Department of Medicine (I.A.N., M.A.M., K.I.), Section of Endocrinology, and Departments of Orthopedic Surgery (C.G.) and Surgery (B.K.), Yale University School of Medicine, New Haven, Connecticut 06520-8020; and Osteoporosis Center (R.L.), Hamden, Connecticut 06517

Address all correspondence and requests for reprints to: Karl Insogna, M.D., Yale School of Medicine, 333 Cedar Street, FMP 106, P.O. Box 208020, New Haven, Connecticut 06520-8020. E-mail: karl.insogna{at}yale.edu.

Abstract

It remains unclear whether mild primary hyperparathyroidism results in accelerated bone loss, with recent studies reaching different conclusions. This could be due to intrinsic differences in disease activity not captured by the classical biochemical markers of the disease. Because circulating levels of IL-6 and IL-6 soluble receptor (IL-6sR) are reportedly elevated in patients with hyperparathyroidism, we sought to determine whether measures of this cytokine axis could be helpful in determining the risk for bone loss in hyperparathyroidism. We prospectively followed 23 patients with hyperparathyroidism for 22 ± 1.5 months and found that baseline circulating levels of IL-6sR correlated significantly with rates of bone loss at the total femur (r = -0.53, P < 0.01).

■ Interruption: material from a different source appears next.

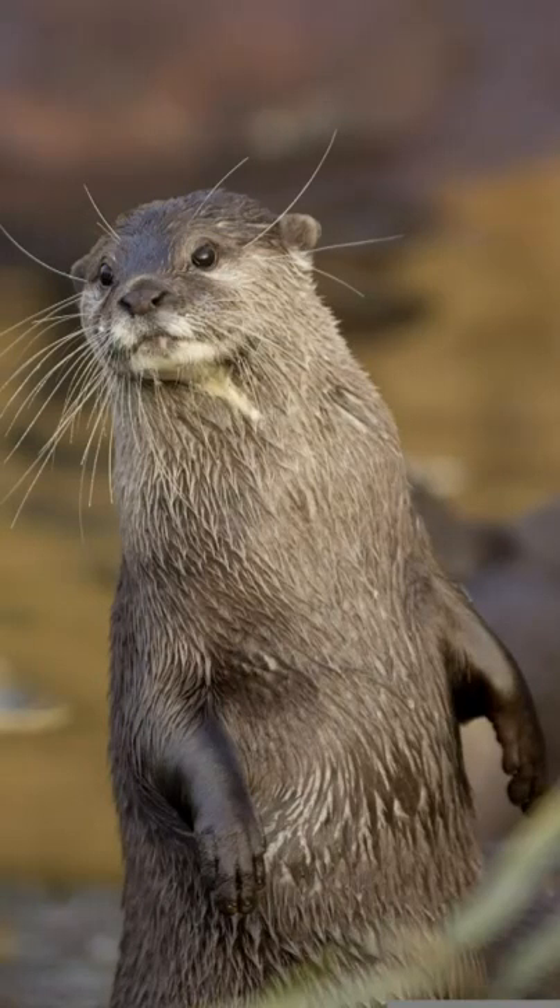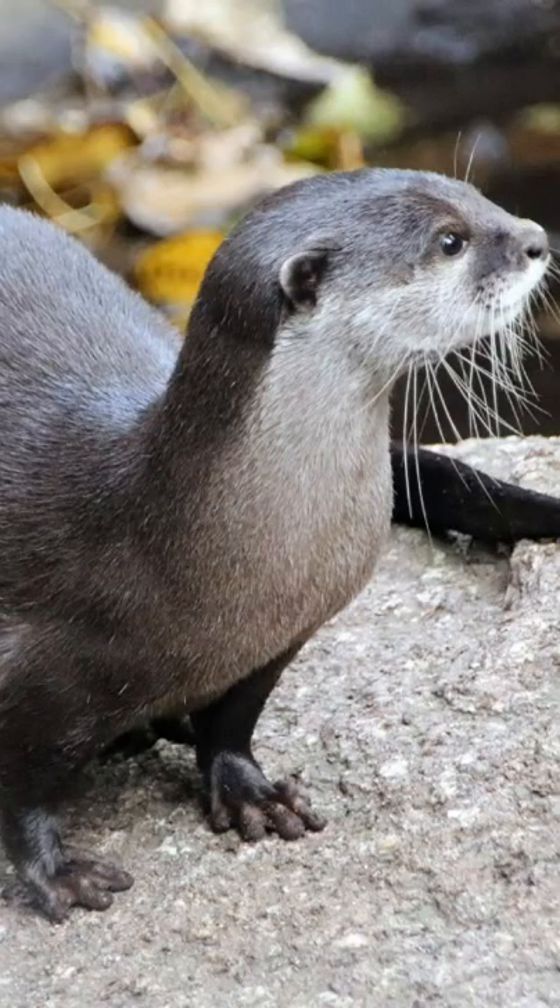Top questions answered about the Cape Clawless Otter. It is named after its clawless webbed feet. It is an aquatic animal and can be seen swimming in the ocean and in fresh water to wash the salt from its thick fur.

Furthermore, the combination of a serum IL-6sR in the upper tertile (45.6 ng/ml) and IL-6 in the upper half (11.8 pg/ml) of values in the whole group defined a subset of patients with a significantly greater rate of yearly bone loss at the total femur than the remainder of the group (-2.6 ± 1.3% vs. +0.4 ± 0.3%, P < 0.05). We conclude that the combined measurements of serum IL-6sR and IL-6 may be helpful in identifying patients with untreated hyperparathyroidism who are more likely to experience bone loss at the total femur.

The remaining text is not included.